What the task asks: Only the line containing "Entspannung im Thermalbad" and those after it, up to the end of the records below, are to be set down, exactly as written.

----- Records for the exercise

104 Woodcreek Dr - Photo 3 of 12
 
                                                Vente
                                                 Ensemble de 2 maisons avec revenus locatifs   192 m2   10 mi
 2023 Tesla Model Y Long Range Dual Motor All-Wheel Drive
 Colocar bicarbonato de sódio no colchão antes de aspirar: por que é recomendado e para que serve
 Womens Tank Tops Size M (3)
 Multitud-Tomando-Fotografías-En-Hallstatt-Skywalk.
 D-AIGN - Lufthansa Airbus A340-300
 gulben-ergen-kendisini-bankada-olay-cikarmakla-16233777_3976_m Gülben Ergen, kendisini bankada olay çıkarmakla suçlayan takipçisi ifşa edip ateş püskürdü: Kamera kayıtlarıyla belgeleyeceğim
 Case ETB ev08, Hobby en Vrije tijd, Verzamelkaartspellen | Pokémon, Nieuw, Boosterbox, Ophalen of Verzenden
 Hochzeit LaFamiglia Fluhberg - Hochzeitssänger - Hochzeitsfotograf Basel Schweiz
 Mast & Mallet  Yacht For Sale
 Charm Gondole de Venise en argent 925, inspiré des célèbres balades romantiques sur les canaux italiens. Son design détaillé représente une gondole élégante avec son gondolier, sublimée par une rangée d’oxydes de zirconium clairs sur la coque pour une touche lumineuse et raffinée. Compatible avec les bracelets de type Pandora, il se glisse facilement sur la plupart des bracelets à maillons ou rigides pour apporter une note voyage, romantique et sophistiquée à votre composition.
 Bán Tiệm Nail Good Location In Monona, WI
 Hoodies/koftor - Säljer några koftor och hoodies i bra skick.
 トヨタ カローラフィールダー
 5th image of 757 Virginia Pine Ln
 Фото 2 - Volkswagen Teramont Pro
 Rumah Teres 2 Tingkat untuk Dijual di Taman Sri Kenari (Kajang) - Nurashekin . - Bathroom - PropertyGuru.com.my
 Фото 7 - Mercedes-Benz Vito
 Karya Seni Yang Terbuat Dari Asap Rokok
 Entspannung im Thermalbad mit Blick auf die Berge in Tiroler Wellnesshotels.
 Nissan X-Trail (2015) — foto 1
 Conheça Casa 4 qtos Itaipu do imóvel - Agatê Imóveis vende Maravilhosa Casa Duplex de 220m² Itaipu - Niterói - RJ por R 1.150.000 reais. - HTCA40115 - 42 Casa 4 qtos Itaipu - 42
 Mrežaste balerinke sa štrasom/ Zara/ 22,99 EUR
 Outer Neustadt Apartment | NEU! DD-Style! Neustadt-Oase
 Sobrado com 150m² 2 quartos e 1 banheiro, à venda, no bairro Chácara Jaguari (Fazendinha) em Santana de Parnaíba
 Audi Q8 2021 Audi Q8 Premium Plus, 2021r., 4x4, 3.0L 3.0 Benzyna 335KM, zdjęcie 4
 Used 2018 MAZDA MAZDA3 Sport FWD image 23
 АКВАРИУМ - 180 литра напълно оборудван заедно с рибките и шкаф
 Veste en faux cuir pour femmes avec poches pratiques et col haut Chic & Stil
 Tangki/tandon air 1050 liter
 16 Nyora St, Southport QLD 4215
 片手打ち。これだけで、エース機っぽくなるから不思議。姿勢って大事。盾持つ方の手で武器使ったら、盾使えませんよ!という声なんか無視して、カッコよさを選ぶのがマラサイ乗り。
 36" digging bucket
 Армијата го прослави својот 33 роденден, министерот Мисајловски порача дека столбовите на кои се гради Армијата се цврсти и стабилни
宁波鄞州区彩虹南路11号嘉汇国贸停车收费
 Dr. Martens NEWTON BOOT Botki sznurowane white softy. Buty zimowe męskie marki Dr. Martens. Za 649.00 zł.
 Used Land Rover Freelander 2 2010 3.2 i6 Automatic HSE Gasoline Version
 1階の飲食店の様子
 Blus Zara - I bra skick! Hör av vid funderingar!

----------

Response to this task:
 Entspannung im Thermalbad mit Blick auf die Berge in Tiroler Wellnesshotels.
 Nissan X-Trail (2015) — foto 1
 Conheça Casa 4 qtos Itaipu do imóvel - Agatê Imóveis vende Maravilhosa Casa Duplex de 220m² Itaipu - Niterói - RJ por R 1.150.000 reais. - HTCA40115 - 42 Casa 4 qtos Itaipu - 42
 Mrežaste balerinke sa štrasom/ Zara/ 22,99 EUR
 Outer Neustadt Apartment | NEU! DD-Style! Neustadt-Oase
 Sobrado com 150m² 2 quartos e 1 banheiro, à venda, no bairro Chácara Jaguari (Fazendinha) em Santana de Parnaíba
 Audi Q8 2021 Audi Q8 Premium Plus, 2021r., 4x4, 3.0L 3.0 Benzyna 335KM, zdjęcie 4
 Used 2018 MAZDA MAZDA3 Sport FWD image 23
 АКВАРИУМ - 180 литра напълно оборудван заедно с рибките и шкаф
 Veste en faux cuir pour femmes avec poches pratiques et col haut Chic & Stil
 Tangki/tandon air 1050 liter
 16 Nyora St, Southport QLD 4215
 片手打ち。これだけで、エース機っぽくなるから不思議。姿勢って大事。盾持つ方の手で武器使ったら、盾使えませんよ!という声なんか無視して、カッコよさを選ぶのがマラサイ乗り。
 36" digging bucket
 Армијата го прослави својот 33 роденден, министерот Мисајловски порача дека столбовите на кои се гради Армијата се цврсти и стабилни
宁波鄞州区彩虹南路11号嘉汇国贸停车收费
 Dr. Martens NEWTON BOOT Botki sznurowane white softy. Buty zimowe męskie marki Dr. Martens. Za 649.00 zł.
 Used Land Rover Freelander 2 2010 3.2 i6 Automatic HSE Gasoline Version
 1階の飲食店の様子
 Blus Zara - I bra skick! Hör av vid funderingar!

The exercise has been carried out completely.